_Task prompt:_
What you need to produce from the material below is an exact transcription of the lines from the one with "Carl Becker - Heimkehrende Krabbenfischer" through the one with "Hancock Blue Leather", both included, and no other line.

----

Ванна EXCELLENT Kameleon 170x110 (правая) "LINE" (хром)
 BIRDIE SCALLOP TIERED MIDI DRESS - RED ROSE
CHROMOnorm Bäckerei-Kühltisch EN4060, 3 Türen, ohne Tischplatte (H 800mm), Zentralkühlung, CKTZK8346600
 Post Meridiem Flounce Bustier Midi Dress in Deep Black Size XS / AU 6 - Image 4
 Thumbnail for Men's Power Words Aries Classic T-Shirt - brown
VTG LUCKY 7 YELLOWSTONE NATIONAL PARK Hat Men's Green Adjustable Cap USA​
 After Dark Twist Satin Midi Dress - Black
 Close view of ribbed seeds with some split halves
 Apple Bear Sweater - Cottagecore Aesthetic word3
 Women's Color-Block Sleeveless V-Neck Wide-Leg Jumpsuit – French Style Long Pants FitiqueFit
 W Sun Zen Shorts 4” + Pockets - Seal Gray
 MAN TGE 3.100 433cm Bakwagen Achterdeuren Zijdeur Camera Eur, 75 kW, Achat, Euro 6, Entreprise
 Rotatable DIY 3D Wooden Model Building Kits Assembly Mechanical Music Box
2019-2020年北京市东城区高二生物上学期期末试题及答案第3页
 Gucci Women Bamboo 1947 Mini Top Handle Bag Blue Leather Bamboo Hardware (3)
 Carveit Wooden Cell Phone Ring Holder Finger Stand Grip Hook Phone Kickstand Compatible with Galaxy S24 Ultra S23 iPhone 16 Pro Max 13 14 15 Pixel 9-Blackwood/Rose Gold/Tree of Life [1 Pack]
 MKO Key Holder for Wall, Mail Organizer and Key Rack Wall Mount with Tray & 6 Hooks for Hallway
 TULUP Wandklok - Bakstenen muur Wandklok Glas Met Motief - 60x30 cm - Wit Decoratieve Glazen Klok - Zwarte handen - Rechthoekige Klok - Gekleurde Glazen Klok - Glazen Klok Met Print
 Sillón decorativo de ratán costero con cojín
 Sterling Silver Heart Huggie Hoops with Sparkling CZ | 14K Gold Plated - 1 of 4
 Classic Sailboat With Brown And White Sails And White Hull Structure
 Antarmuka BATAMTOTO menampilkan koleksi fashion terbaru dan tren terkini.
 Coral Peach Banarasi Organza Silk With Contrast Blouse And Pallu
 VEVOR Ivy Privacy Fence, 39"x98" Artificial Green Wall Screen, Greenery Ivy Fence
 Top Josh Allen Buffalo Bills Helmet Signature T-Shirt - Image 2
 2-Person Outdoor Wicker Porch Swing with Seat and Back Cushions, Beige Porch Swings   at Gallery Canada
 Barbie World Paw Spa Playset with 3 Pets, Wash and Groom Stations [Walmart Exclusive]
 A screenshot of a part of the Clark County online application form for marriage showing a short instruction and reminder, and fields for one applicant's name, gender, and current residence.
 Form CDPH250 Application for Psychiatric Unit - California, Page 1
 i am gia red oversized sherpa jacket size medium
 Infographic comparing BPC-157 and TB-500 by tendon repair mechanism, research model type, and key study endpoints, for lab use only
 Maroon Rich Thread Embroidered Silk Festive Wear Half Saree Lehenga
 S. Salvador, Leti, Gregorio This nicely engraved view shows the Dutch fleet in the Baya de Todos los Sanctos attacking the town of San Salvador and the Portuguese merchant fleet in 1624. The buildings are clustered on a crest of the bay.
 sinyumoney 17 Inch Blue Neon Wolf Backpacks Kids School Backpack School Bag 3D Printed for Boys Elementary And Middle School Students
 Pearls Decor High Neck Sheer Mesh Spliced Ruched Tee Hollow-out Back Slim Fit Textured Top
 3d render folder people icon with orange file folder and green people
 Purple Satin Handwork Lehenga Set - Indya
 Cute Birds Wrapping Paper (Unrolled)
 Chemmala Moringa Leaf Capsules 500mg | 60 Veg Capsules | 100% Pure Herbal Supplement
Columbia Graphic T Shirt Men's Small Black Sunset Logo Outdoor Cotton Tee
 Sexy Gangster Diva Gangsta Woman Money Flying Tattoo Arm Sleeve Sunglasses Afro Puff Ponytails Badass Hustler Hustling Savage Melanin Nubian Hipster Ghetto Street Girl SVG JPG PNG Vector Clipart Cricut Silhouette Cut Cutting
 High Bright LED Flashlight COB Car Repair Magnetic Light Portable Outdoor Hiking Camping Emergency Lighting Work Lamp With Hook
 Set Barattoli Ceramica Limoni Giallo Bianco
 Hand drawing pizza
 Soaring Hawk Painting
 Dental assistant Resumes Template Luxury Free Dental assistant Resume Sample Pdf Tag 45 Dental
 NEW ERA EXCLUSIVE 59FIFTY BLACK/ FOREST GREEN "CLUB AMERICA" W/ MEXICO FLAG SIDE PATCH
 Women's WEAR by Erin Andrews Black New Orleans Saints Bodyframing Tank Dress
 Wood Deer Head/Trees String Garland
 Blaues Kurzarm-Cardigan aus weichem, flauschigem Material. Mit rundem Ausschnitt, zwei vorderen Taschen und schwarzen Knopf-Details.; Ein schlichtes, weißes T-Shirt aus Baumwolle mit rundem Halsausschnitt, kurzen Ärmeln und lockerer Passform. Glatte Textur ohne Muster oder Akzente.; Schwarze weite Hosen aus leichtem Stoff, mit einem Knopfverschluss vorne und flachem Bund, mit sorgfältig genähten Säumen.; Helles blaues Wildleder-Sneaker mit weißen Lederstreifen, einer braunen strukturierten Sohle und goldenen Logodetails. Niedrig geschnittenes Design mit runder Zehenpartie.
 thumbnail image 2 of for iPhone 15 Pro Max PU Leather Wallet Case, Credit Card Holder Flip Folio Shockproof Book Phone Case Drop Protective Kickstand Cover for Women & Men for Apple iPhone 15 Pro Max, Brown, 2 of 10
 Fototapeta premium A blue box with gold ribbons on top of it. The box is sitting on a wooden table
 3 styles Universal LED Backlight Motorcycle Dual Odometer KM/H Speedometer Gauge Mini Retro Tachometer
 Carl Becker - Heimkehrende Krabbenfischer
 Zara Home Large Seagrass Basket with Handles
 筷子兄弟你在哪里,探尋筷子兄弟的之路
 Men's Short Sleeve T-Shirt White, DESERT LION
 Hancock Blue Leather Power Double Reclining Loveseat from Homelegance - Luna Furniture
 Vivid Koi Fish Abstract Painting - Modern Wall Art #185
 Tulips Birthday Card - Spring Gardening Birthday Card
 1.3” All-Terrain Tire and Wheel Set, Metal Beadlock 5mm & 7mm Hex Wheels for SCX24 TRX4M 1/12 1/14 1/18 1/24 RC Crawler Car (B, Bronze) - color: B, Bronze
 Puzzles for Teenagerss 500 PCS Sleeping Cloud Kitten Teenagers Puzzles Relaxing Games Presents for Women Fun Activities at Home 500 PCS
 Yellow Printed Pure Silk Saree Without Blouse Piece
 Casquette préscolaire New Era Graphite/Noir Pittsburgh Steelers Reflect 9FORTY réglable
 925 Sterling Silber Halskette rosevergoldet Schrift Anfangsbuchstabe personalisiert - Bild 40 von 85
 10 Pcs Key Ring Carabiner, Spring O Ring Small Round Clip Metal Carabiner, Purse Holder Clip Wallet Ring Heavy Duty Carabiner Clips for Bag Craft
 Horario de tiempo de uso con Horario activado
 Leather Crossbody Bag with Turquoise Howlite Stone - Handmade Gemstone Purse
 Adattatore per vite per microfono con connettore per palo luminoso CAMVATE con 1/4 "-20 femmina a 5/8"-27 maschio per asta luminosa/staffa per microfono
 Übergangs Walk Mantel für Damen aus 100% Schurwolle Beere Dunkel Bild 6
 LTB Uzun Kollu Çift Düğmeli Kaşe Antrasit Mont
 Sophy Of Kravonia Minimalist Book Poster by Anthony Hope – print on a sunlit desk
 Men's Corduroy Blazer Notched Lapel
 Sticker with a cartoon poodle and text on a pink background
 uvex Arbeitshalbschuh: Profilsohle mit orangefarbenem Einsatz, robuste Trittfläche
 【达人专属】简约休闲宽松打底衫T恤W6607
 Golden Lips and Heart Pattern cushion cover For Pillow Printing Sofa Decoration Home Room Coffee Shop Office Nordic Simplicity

----

_Answer box:_
 Carl Becker - Heimkehrende Krabbenfischer
 Zara Home Large Seagrass Basket with Handles
 筷子兄弟你在哪里,探尋筷子兄弟的之路
 Men's Short Sleeve T-Shirt White, DESERT LION
 Hancock Blue Leather Power Double Reclining Loveseat from Homelegance - Luna Furniture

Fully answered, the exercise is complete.